Well, calm yourself down and make a cup of tea,
because this product actually tastes white chocolatey.
There’s a definite difference between this and
the milk choc version that makes this a proper white chocolate experience, and
that is to its endless credit.
Texture
Classic Coco Pops to be honest. Pour them in the
bowl and they’re all enticing and crispy and fresh looking. Chuck even the
merest hint of some milk in the bowl and they sog up like nobody’s business.
It’s almost as if you’re not really supposed to
add milk, like that’s never what these were designed for, and it was your fault
for even putting milk on it in the first place. You wouldn’t put milk on a
curry would you? Or on a sandwich? Or on an Apple? So why are you putting milk
on these?
Well, it’s on the picture on the box actually, so
that’s a stupid question, and you’re stupid for asking it.
Before I added milk, and there was still joy in the world. |
Packaging
You’re walking along the cereal aisle of your
local supermarket. Weetabix, yellow packet. Boring. Shreddies, dark blue box.
Yawn. Rice Krispies, Light Blue box. Obvious. Coco Pops, White Box. WHAAAAA???!?!?!?!?!?!
It’s Great, and I loved everything about it.
Classic Coco Pops but white.
It is obviously Coco Pops, because it’s got Coco
Pops written on it and that stupid monkey’s face is plastered all over it, but it’s
the wrong colour, so something special is obviously going on.
Classic novelty branding from Kellogg’s, who
clearly know what they’re doing.
Great move, well done, you win.
Marketing
An advert! An actual TV advert!
Ok, so I didn’t see it on TV, I found it on YouTube,
and the Monkey’s face is wrong, but still.
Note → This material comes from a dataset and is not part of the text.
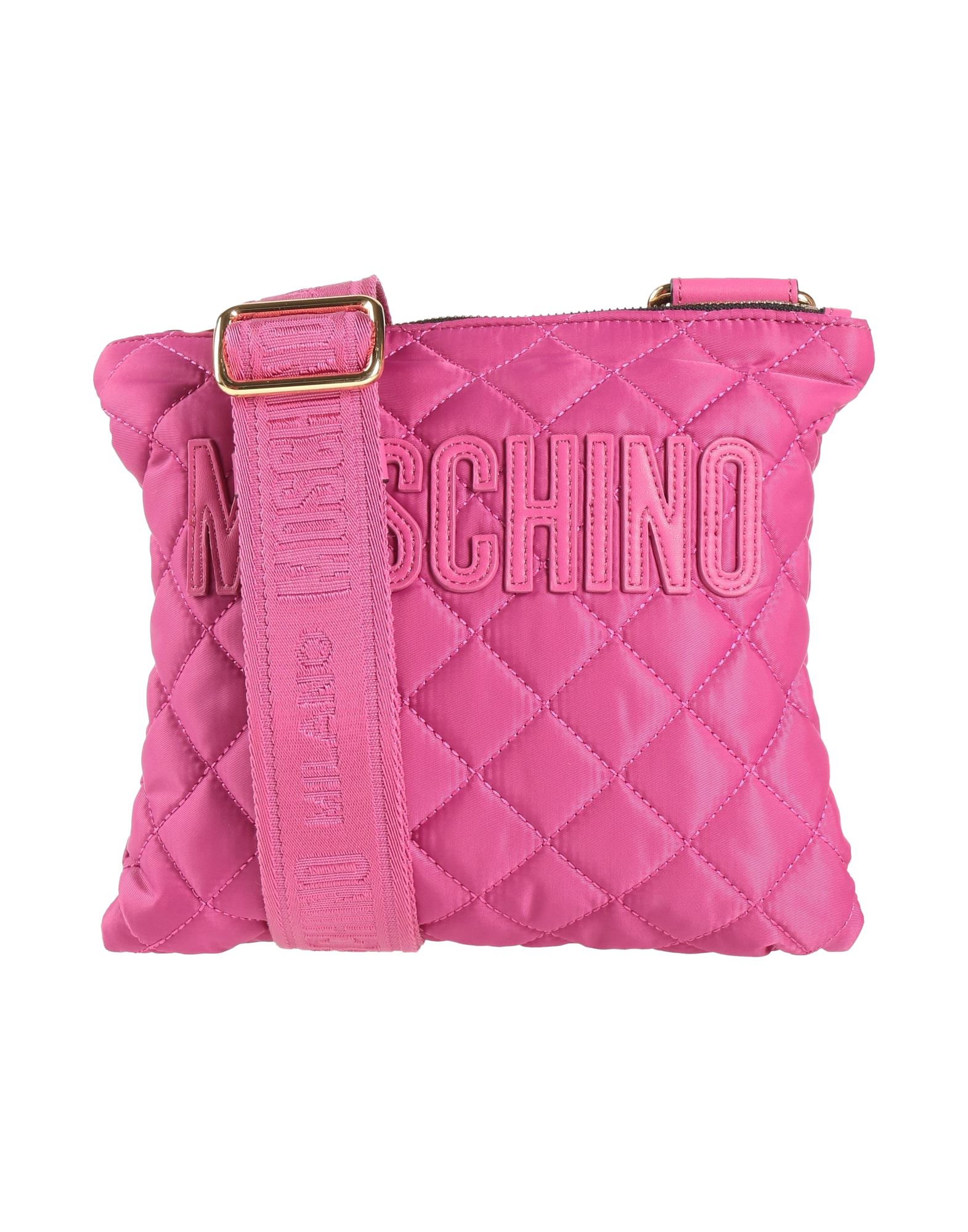 MOSCHINO MOSCHINO ΤΣΑΝΤΕΣ Τσάντες ταχυδρόμου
I’ve got to score high for that, even if it’s
just for the effort.
Points lost for the fact that the monkey is
wrong, and they know it. You can’t just get a new monkey in and expect no-one
to notice.
Novelty Factor
Decent. I mean it is novelty. It’s a new take on
a classic product. They’ve made a real effort to differentiate the taste, and they
look different too. It can’t score low.
But have they made enough of an effort? I mean,
they’re still chocolatey rice. I know I’m knit picking here, but others have
done more with less and made it more novelty. What about one Coco Pop er box
that you just get out and nibble a bit, and then put back until breakfast the
next day? That’d be novelty wouldn’t it?
Final Scores
Taste- 7/10
Texture- 5/10
Packaging- 9/10
Marketing- 8/10
Novelty Factor- 6/10
Overall- 35/50
Comfortably top half, and deservedly so. They’ve
made a real effort to make this a proper novelty product. It’s not their fault
that you added milk you prick.
So does taking the easy route to novelty work? It absolutely ruddy does!